START THE DATA
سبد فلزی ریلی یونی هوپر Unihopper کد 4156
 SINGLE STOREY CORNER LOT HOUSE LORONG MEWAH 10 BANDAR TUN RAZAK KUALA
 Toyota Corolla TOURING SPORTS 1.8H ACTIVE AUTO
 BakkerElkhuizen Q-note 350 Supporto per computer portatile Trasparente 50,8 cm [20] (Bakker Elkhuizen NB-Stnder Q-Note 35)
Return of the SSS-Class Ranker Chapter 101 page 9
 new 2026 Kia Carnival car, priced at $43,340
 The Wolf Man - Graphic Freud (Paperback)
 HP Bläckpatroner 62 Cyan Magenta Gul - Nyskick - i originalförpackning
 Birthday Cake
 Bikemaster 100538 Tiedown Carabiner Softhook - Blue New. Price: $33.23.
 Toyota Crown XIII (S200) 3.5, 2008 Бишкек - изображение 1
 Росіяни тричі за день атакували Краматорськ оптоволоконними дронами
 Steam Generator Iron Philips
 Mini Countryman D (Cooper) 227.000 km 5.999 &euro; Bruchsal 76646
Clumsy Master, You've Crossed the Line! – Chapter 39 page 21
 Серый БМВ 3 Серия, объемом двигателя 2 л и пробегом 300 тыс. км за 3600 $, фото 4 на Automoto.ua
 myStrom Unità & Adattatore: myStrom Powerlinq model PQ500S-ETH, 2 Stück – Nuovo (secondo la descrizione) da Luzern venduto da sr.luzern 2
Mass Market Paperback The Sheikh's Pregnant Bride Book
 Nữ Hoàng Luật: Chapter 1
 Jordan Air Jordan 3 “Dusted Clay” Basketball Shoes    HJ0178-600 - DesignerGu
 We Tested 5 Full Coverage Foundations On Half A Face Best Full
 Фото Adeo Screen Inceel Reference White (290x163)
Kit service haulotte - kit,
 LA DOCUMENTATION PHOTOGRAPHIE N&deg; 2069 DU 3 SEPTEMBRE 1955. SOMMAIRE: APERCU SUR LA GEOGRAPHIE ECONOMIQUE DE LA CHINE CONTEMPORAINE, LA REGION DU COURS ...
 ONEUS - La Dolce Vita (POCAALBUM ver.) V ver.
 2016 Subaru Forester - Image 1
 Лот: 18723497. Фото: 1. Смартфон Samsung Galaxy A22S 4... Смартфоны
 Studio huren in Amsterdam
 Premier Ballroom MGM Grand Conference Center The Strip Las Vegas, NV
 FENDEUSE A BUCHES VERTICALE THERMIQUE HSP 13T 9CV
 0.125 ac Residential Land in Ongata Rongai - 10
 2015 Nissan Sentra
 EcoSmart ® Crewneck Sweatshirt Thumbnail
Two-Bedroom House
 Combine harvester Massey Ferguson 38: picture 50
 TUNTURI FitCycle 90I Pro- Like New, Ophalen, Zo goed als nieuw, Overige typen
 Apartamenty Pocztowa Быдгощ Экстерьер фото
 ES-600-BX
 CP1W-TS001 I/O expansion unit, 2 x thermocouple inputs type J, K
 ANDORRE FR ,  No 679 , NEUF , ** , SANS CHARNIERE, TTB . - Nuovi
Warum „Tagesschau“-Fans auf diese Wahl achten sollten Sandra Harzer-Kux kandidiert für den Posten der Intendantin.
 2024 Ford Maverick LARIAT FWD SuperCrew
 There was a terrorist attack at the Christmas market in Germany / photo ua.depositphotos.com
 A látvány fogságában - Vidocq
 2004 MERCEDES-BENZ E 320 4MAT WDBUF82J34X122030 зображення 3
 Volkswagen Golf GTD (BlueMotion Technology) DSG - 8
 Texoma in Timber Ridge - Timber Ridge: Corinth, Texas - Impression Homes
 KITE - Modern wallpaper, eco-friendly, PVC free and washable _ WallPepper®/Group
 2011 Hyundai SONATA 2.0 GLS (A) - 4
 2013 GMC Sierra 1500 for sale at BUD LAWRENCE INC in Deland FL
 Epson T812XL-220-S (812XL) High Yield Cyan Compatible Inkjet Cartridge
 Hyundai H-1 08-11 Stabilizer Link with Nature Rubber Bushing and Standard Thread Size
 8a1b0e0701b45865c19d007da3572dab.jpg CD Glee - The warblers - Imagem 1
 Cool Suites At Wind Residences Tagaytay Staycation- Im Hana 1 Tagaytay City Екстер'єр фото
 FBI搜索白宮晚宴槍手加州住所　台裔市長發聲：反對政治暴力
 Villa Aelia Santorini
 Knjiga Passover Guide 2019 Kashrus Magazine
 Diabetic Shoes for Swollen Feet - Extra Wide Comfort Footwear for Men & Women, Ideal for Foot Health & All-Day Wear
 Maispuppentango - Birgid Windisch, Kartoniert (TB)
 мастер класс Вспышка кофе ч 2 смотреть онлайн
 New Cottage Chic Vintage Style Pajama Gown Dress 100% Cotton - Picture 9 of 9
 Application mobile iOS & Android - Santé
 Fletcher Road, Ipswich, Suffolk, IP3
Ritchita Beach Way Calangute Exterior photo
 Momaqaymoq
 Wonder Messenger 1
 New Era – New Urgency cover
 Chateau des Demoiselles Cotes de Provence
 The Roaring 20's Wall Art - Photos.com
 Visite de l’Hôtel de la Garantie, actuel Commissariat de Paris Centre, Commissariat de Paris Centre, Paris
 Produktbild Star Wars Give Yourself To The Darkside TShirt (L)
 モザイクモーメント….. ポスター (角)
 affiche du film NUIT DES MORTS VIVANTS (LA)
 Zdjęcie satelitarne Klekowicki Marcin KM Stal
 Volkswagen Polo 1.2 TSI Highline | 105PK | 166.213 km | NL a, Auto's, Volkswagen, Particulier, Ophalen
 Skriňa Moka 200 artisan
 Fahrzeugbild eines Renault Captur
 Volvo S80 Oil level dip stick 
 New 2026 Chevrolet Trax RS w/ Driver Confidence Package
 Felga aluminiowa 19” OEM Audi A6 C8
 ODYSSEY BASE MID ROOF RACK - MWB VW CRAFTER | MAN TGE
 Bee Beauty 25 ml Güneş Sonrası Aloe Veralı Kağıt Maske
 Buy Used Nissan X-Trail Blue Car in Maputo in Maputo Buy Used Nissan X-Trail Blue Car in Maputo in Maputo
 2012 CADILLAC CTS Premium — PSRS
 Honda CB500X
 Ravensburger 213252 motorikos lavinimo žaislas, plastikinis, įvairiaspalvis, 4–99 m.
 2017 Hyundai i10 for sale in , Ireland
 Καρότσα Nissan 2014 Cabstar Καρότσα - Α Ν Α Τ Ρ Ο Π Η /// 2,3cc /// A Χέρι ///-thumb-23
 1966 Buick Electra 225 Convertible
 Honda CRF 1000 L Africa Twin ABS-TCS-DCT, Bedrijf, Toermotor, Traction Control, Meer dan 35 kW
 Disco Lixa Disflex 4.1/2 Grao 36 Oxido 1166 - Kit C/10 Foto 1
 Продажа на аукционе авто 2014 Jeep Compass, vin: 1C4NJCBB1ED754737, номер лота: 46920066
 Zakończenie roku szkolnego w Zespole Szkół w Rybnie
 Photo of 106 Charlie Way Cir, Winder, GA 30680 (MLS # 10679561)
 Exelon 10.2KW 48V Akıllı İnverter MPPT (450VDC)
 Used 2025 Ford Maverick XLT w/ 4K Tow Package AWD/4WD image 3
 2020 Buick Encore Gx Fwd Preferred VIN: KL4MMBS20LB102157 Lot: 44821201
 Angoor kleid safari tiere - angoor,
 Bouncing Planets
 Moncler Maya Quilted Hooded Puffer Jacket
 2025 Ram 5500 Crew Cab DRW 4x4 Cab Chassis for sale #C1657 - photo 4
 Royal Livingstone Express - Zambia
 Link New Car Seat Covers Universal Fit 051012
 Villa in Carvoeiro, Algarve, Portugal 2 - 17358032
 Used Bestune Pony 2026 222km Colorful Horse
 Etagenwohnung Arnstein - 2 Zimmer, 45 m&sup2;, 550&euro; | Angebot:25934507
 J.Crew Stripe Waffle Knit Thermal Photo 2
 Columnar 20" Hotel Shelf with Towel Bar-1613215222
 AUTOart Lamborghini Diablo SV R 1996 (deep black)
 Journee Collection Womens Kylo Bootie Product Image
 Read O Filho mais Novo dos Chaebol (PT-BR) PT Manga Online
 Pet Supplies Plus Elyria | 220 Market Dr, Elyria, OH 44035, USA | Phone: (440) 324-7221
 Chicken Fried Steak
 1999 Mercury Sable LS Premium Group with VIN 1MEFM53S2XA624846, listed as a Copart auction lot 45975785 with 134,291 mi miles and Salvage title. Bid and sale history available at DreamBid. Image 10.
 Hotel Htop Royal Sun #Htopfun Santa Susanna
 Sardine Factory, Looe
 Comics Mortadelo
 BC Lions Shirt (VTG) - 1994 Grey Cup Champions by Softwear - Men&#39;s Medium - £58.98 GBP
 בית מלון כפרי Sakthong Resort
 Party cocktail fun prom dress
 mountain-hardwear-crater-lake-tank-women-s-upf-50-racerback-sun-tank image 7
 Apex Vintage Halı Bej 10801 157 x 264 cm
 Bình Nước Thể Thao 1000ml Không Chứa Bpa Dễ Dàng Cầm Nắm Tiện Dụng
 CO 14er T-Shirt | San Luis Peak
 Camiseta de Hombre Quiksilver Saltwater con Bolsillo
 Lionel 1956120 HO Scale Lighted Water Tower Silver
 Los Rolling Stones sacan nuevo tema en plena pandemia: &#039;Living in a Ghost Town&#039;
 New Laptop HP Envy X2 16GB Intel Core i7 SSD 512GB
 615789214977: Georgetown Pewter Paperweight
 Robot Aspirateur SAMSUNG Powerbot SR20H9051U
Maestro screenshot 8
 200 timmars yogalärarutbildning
END THE DATA
- **PROBLEM TO SOLVE**
A word-for-word copy of the lines above from the one with "Фото Adeo Screen" through the one with "EcoSmart ® Crewneck Sweatshirt Thumbnail", inclusive, is the only output wanted.

- **WRITTEN RESPONSE**
 Фото Adeo Screen Inceel Reference White (290x163)
Kit service haulotte - kit,
 LA DOCUMENTATION PHOTOGRAPHIE N&deg; 2069 DU 3 SEPTEMBRE 1955. SOMMAIRE: APERCU SUR LA GEOGRAPHIE ECONOMIQUE DE LA CHINE CONTEMPORAINE, LA REGION DU COURS ...
 ONEUS - La Dolce Vita (POCAALBUM ver.) V ver.
 2016 Subaru Forester - Image 1
 Лот: 18723497. Фото: 1. Смартфон Samsung Galaxy A22S 4... Смартфоны
 Studio huren in Amsterdam
 Premier Ballroom MGM Grand Conference Center The Strip Las Vegas, NV
 FENDEUSE A BUCHES VERTICALE THERMIQUE HSP 13T 9CV
 0.125 ac Residential Land in Ongata Rongai - 10
 2015 Nissan Sentra
 EcoSmart ® Crewneck Sweatshirt Thumbnail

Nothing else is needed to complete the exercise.